The drift diffusion equations
2. Electrostatics
In semiconductor device modeling, the local energy levels of the conduction and valence bands (or, equivalently, the LUMO and HOMO in organic semiconductors) are shifted by the electrostatic potential \(\phi\). These band edges are defined as:
\[E_{\mathrm{LUMO}} = -\chi - q\phi\]
\[E_{\mathrm{HOMO}} = -\chi - E_g - q\phi\]
Here \(\chi\) is the electron affinity, \(E_g\) is the band gap, and \(q\) is the elementary charge. The potential \(\phi\) is determined self-consistently by solving Poisson’s equation across the device.
Poisson’s equation takes the form
\[ \nabla \cdot \bigl( \epsilon_0 \epsilon_r \nabla \phi \bigr) = -q \left( n_f + n_t - p_f - p_t - N_{ad} + N_{ion} + a \right), \]
where \(n_f\) and \(p_f\) are the densities of free electrons and holes, while \(n_t\) and \(p_t\) are the corresponding trapped carrier densities. The term \(N_{ad}\) represents the ionized dopant density, \(N_{ion}\) accounts for background ionic charge (for example, fixed ions in perovskite layers), and \(a\) denotes mobile ions that can drift in response to the local field. The permittivities \(\epsilon_0\) and \(\epsilon_r\) set the strength of the electrostatic response.

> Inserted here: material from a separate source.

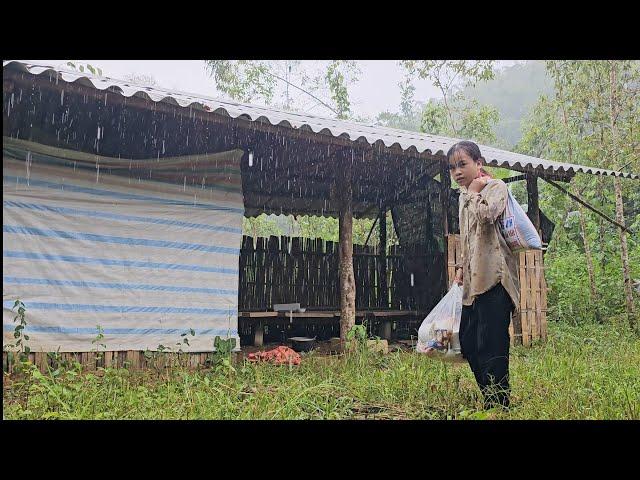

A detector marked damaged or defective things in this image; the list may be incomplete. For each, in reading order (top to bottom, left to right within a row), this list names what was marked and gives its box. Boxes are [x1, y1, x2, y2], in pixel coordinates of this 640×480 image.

This formulation captures all relevant contributions to space charge: free and trapped carriers, intentional doping, and both static and mobile ionic species. It is particularly important for hybrid materials such as organics and halide perovskites, where ionic motion and trap states strongly influence the electrostatic potential and give rise to phenomena such as hysteresis and slow transients.